Da natureza dos clássicos
O termo clássico é longevo e, embora seus sentidos
hoje sejam aplicados de maneira diversa, todos carregam a marca de sua
origem, a velha região da Ática, na Grécia. Foi ali que o
gramático latino Aulus Gellius, no século II, o utilizou pela
primeira vez, para designar os escritos dos expoentes da primeira das
cinco classes romanas, os
classici. Gellius
recolheu, a partir dessa visão, centenas de histórias, que
rechearam 20 livros, sob o nome de
Noites Áticas, e
decretou: "[...]
classicus adsiduusque
aliquis scriptor, non proletarius" ou "o clássico é um escritor
de distinção, não um proletário"
10 (GELLIUS, 19.8.15). A definição restringe os clássicos
a representantes de uma classe especial, a mais alta, idéia que
permanece hoje num sentido figurado. Além disso, identifica os
clássicos com a tradição escrita, o que é válido hoje
somente até certo ponto, pois as artes, de uma maneira geral, passaram a ter seus representantes também da "classe mais alta". Essa idéia de um grupo privilegiado de autores chega mais tarde à
ciência, conforme veremos adiante. Gellius, contudo, estava falando
de literatura.
Segundo Saint-Beauve (2006)
11, um dos pioneiros na
busca da genealogia do termo clássico, a primeira referência
oficial à palavra na Academia foi no também primeiro Dicionário
da Academia, de 1764, publicado em meio aos avanços da
Revolução Científica dos séculos XVII e XVIII, no qual se
afirmava ser o detentor do título "um escritor antigo de
prestígio, aquele que é uma autoridade no que concerne ao seu tema
de trabalho" (p. 4). Embora essa não seja uma definição muito
clara, aparecem nela duas características importantes, ausentes em
Aullus Gellius: a inscrição dos clássicos no passado e a
influição pela autoridade. Mesmo assim, os ecos de Gellius ainda
se fazem ouvir. Não há muita distinção entre um autor
literário e um autor científico. O lugar do passado na Ciência
ainda não estava bem assentado.
Prima facie, a discussão
sobre as relações entre o conhecimento científico novo e o
conhecimento científico antigo só ganha força, realmente, ao
final da época de ouro da Ciência, no século XIX, em que o
questionamento da natureza de cada ciência e, por
conseguinte, de seus textos estruturantes, começa a fazer parte dos debates epistemológicos, com, é claro, diferenças de campo a campo.

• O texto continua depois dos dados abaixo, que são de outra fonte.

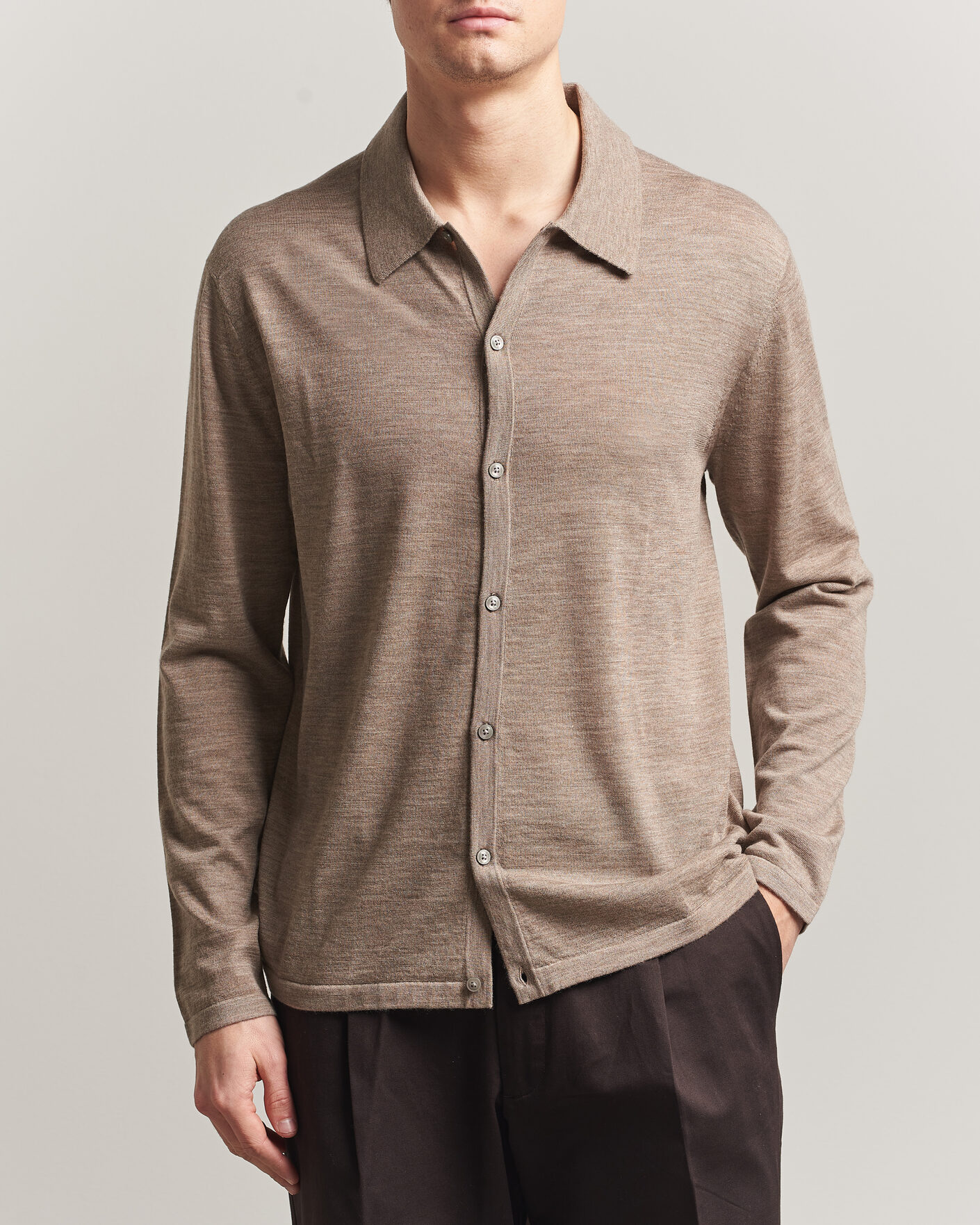 Herre | Gensere | Tiger of Sweden | Verklin Merino Knitted Cardigan Beige Melange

Nas Ciências Naturais, que presenciaram mais de
perto a luta do Iluminismo contra as "trevas da ignorância", e nas
quais o peso das descobertas se coloca insistentemente, houve um
movimento até meados do século XVIII no qual "a ciência parecia
ser hostil à tradição; a tradição foi entendida como
prejudicial à ciência" (SHILS, 2006, p. 102)

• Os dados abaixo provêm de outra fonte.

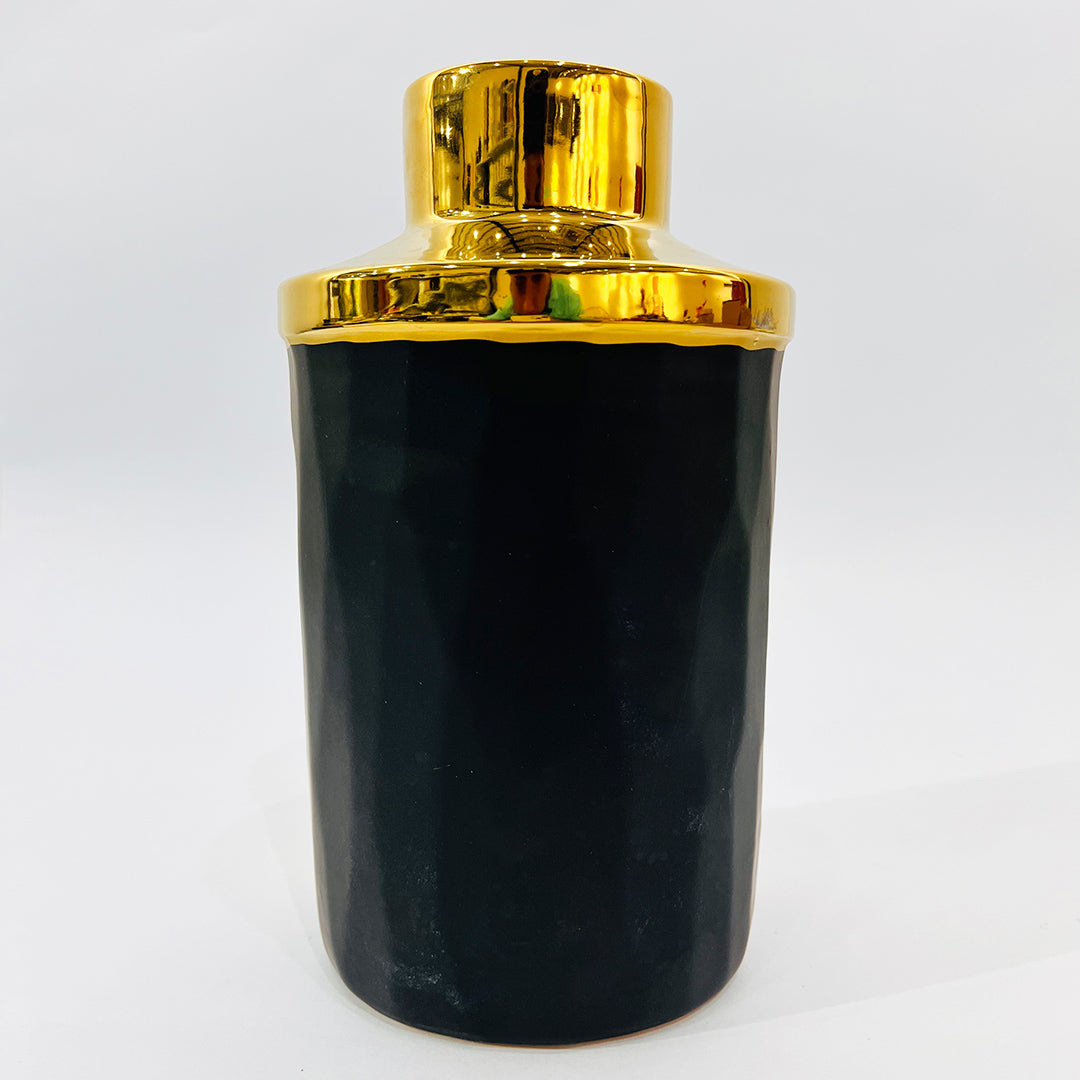 JARRÓN DE DISEÑO CONTEMPORANEO EN NEGRO Y DORADO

12 ,numa rejeição ao conhecimento forjado no
passado
13 , que estaria, do mesmo modo, envolto em ignorância. Logo, entretanto, não se tardou a perceber que tal postura gerava, ela sim, trevas sobre o próprio conhecimento científico e Newton, talvez, tenha sido um dos primeiros a percebê-lo. Todavia, a
relação estabelecida hoje entre o passado e o contemporâneo nas
Ciências Naturais ocupa um lugar um pouco diferente daquele das
Ciências Sociais. Para as Ciências Naturais, a continuidade já
está internalizada em sua constituição. As Ciências Naturais
possuem aquilo que Kuhn chama de "exemplares": "exemplos concretos
de trabalhos bem-sucedidos" (ALEXANDER, 1993, p. 19)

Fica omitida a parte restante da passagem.